Constipation seems to be a common side effect of opiates, is there anyway to counter that, perhaps with metoclopramide? I have a whole stack of the stuff.


----------



## euphoria (Jan 21, 2009)

Don't take metoclopramide, it blocks dopamine receptors in the brain which are involved in the euphoria from opioids. Buy some domperidone; it's OTC here and will only block dopamine receptors outside the brain (hence, no effect on mood, but still on nausea).

Another idea is to just take loads of magnesium supplements. Will relieve constipation, with the added bonus of blocking opioid tolerance.


----------



## Ash09 (Apr 27, 2009)

Thanks. How does magnesium reduce tolerance developing?


----------



## euphoria (Jan 21, 2009)

> Thanks. How does magnesium reduce tolerance developing?


http://www.anesthesia-analgesia.org/cgi/content/abstract/86/4/830
http://www.opioids.com/nmda/plasticity.html

At least one part of the opioid tolerance process appears to be mediated through NMDA receptors. I believe it's the glutamate receptors, not glycine, that are involved in tolerance but I'm not 100%. Magnesium blocks the glutamate-NMDA receptor which is involved in learning, drug tolerance and other stuff.

I can only gather very vague information on the net about this, and it seems pretty complicated. Magnesium may enhance the NMDA receptors in some situations rather than block it. The research claimed magnesium doesn't block the glycine site if I remember correctly, which would explain the lack of psychosis at therapeutic magnesium dosages.


----------



## Ash09 (Apr 27, 2009)

Do you have experience with dihydrocodine? I've been trying to find out the effective dose for SA purposes, but all I've found so far is analgesic doses and recreational dosages.


----------



## euphoria (Jan 21, 2009)

You will be wanting a recreational dose for SA purposes. Recreational dose = makes you feel good.


----------



## screwjack (Dec 19, 2008)

Ahh good old dope for SA. It might relieve your symptoms, but at what price? Tolerance sets in quick and you get as addicted to the rituals and "the life" as you do whatever opiate you are ingesting. When you get clean you'll find yourself back at day one but with a bigger hole to fill in than when you started. If you think you are one of the very rare people that can manage your own drug use theraputically with other drugs or sheer will power then more power to you.


----------



## korey (Apr 25, 2006)

What is the rationale that UK lawmakers follow when they allow opiates to be OTC?


----------



## StPatrick317 (Dec 4, 2008)

korey said:


> What is the rationale that UK lawmakers follow when they allow opiates to be OTC?


Maybe not being as big of a Nanny state is the UK usually is. Where a table of bureaucrats in a far-off building decide how your life should be lived.

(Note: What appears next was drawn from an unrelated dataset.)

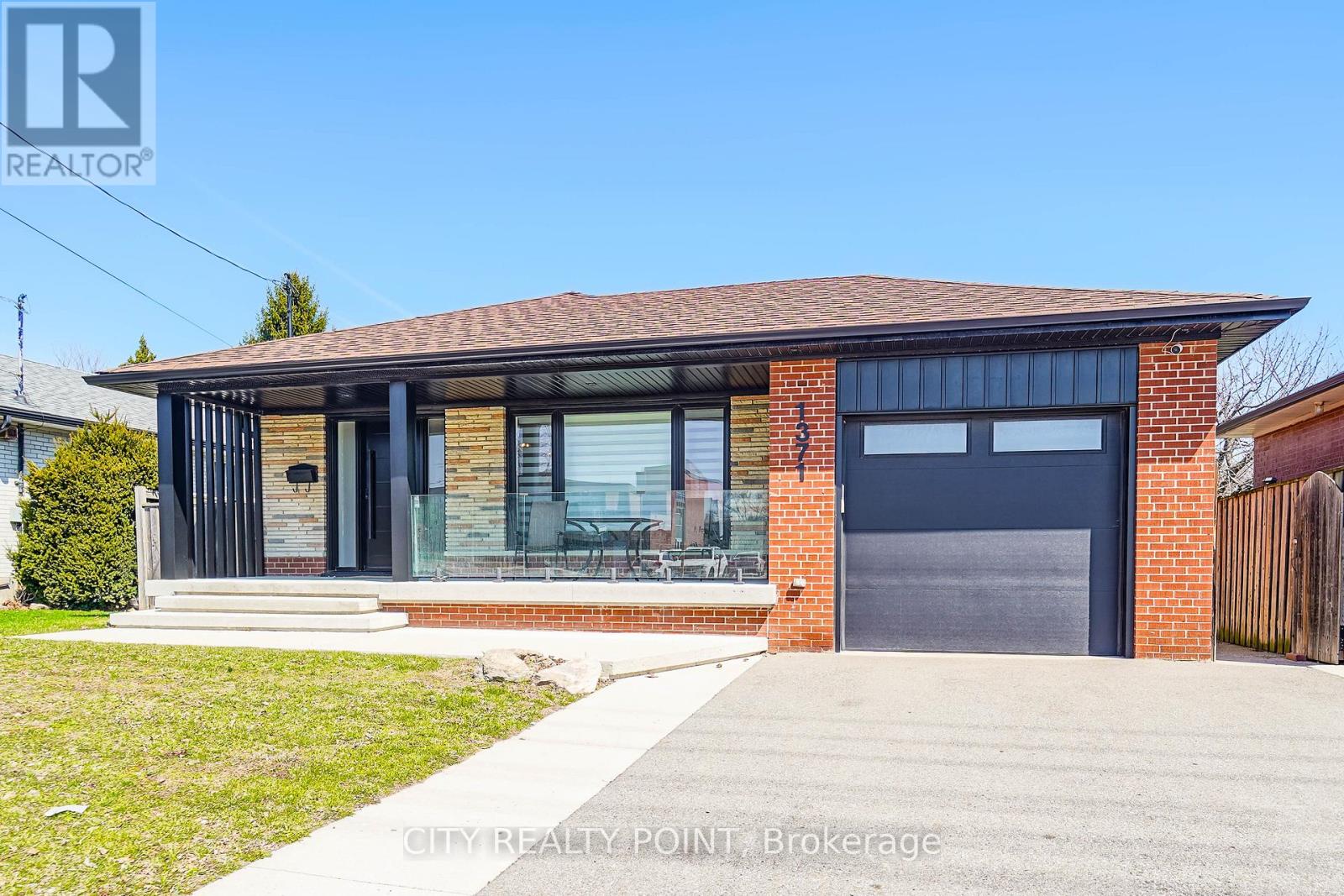 1371 Ogden Avenue, Mississauga, Ontario  L5E 2H7 - Photo 2 - W12989274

If the United States actually followed the constitution, any adult would have right to do any drug/herb/supplement they wanted without Government intervention.


----------



## Ash09 (Apr 27, 2009)

Tried 60mg today, had no noticeable effect.


----------



## DMBfan (Aug 29, 2008)

korey said:


> What is the rationale that UK lawmakers follow when they allow opiates to be OTC?


Low dose, it's very effective with low abuse potential. They add tylenol (and sometimes caffeine) in an attempt to thwart recreational use. In Canada you can get Tyelonol with 8mg of codiene OTC and in New Zealand they sell 12mg of codeine with Ibuprofen OTC. I suspect it's more of a cultural thing, in the UK they are more liberal with painkillers (OTC and prescription) but stricter with benzos. You can't get xanax through their national healthcare system, you need to pay a private doctor to prescribe it.

Just to give you an idea, prescription DHC is sold in 30-40mg doses in instant release form. So taking even a few 7.5mg OTC pills when the typical recreational dose is 70mg+ isn't likely to be very fun.


----------



## Ash09 (Apr 27, 2009)

Tried 120mg today, again no effect whatsoever. I guess trying this was a waste of time.


----------



## korey (Apr 25, 2006)

My sister had some Rx cough syrup last year that had this stuff in it, but it was too strong for her (she's 9), so it just sorta sat in the cabinet. I woke up sick one morning but couldn't miss organic chemistry lecture so I took a bunch of stuff including a healthy dose or two of her cough syrup and it made me feel pretty nifty. That stuff ran out quickly, though, lol.


----------



## jijiji (Feb 5, 2011)

StPatrick317 said:


> If the United States actually followed the constitution, any adult would have right to do any drug/herb/supplement they wanted without Government intervention.


~yes.~


----------



## DK3 (Sep 21, 2011)

euphoria said:


> DHC, like most opioids, is extremely powerful in relieving anxiety and making you feel good. Unfortunately, tolerance and dependency will develop unless you have a plan to prevent it, and also they sell DHC with paracetamol here in the UK (bad for the liver, obviously). If only there was a way to extract the DHC from the pills...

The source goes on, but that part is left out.